Maddock grunts in agreement. “I know but when Lucia set the castle alight, I didn’t know what else to do. No time to measure, you see, to say the proper words. Allium pulled all that energy for her bloody death spell and I had to be quick before she scourged the entire valley.”
“I was cornered. Don’t try to blame all this on me.”
“Do all Darkmores have such a penchant for drama?” He squeezes me fondly.
“How did you get your grimy La Croix paws on the Darkmore’s treasured time crystals?”
“I wonder the same thing.” Mayebelle limps more quickly and Maddock slows so she can walk beside us. “The Darkmores and the La Croixs have fought wars over those tiny crystals.”
“Aunt Clarissa gave me a vial of the stuff when we announced our marriage. She said if I was foolish enough to marry a Darkmore, I’d better share the responsibility of guarding the past and the future. She takes it quite seriously.”
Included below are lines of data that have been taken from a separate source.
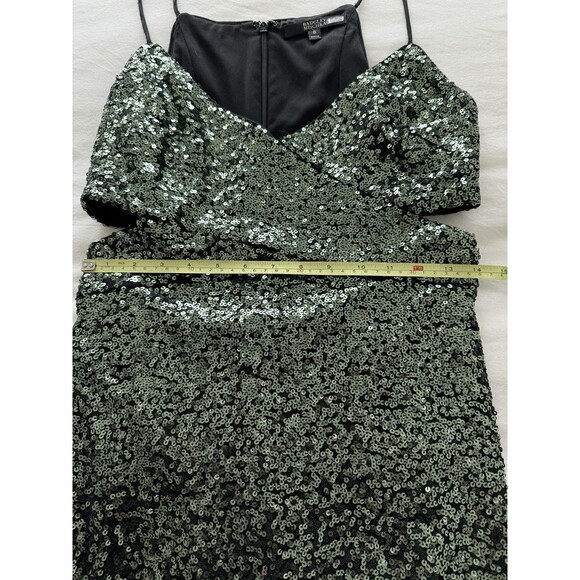 Badgley Mishka Emerald Green Gown With Cut-Outs Full Length W/Sweep Train Sz 8 - Picture 14 of 16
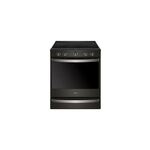 Whirlpool WEE750H0HV 30" Smart Smoothtop Electric Range with 6.4 cu. ft. Capacity, True Convection, 5 Elements, Wifi, Aqualife (Black Stainless Steel)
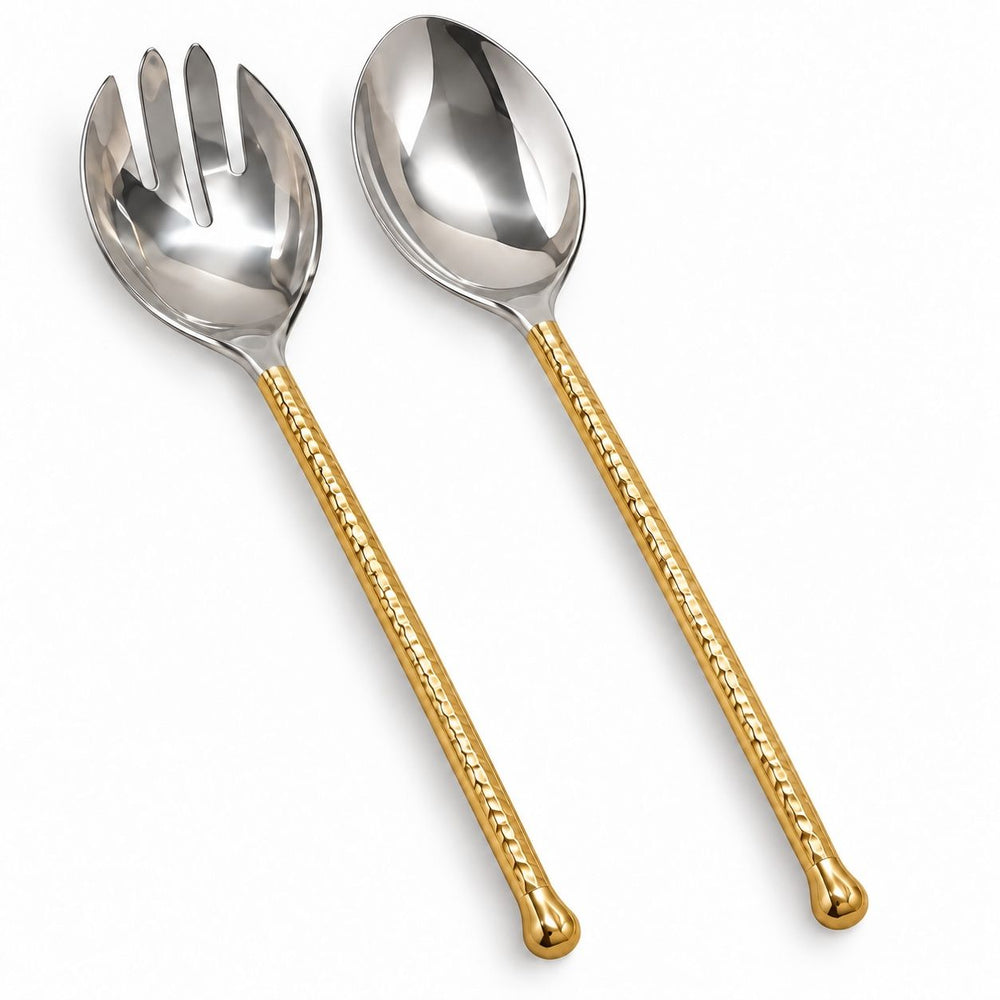 Prestige - Hammered, Silver with Gold Handle, SS, 2 Pc Serving Set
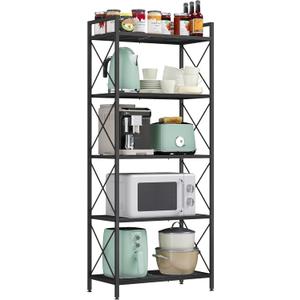 SONGMICS 5-Tier Metal Storage Rack, Shelving Unit with X Side Frames, Dense Mesh, 12.6 x 23.6 x 57.3 Inches, for Entryway, Kitchen, Living Room, Bathroom, Industrial Style, Ink Black UBSC165B01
“And you wondered if she likes you.” I snuggle against his chest.
“So you see, time warped around us. To those of us in the castle, only a few minutes passed. The time crystal shimmered above the table like a star. Lucia knew what it was at once and she skewered me with the nastiest scowl you’ve ever seen. She disappeared in a puff of what looked suspiciously like sulphuric smoke. You Darkmores do love your little embellishments. Once the others realized what had happened, they streamed out the doors. The castle was lost, but they saved what they could.”
“So Lucia is on the loose after all. I’d hoped . . .”
“Never fear. It seems each and every one of our refined and sophisticated guests came to our wedding armed to the teeth. You’ve never seen the like of such handily draw spells. Such conveniently available amulets and charms. Such accessible hexes and potions. It’s a miracle no one was vaporized accidentally.”
“What did you expect?” Maybelle sniffs. “You two were the only ones who believed in peace and harmony.”
“When Lucia vanished, I expected to find you just beyond the castle walls. I can’t tell you how relieved I was when I heard you cry out.” He tightens his arms around me. “I’ve told you mine, now tell me yours.”
The terror of the night Maddock disappeared, the long months of hopeless waiting as our baby grew inside, the cold forbidding winter, and the despair I felt when I looked down on this valley only last night fade with the morning mist.
“It doesn’t bear repeating.” A little tremble along my spine is all that remains. “Someone is cooking roast beef. I can smell it.”
I’ve dreamt of returning to this valley many times in the past months––imagined a thousand ways the reunion might go. War and death and fear seemed likely results of Lucia’s most recent atrocity.
It becomes clear as we approach the group of Darkmores and La Croixs none of my imaginings came close to reality.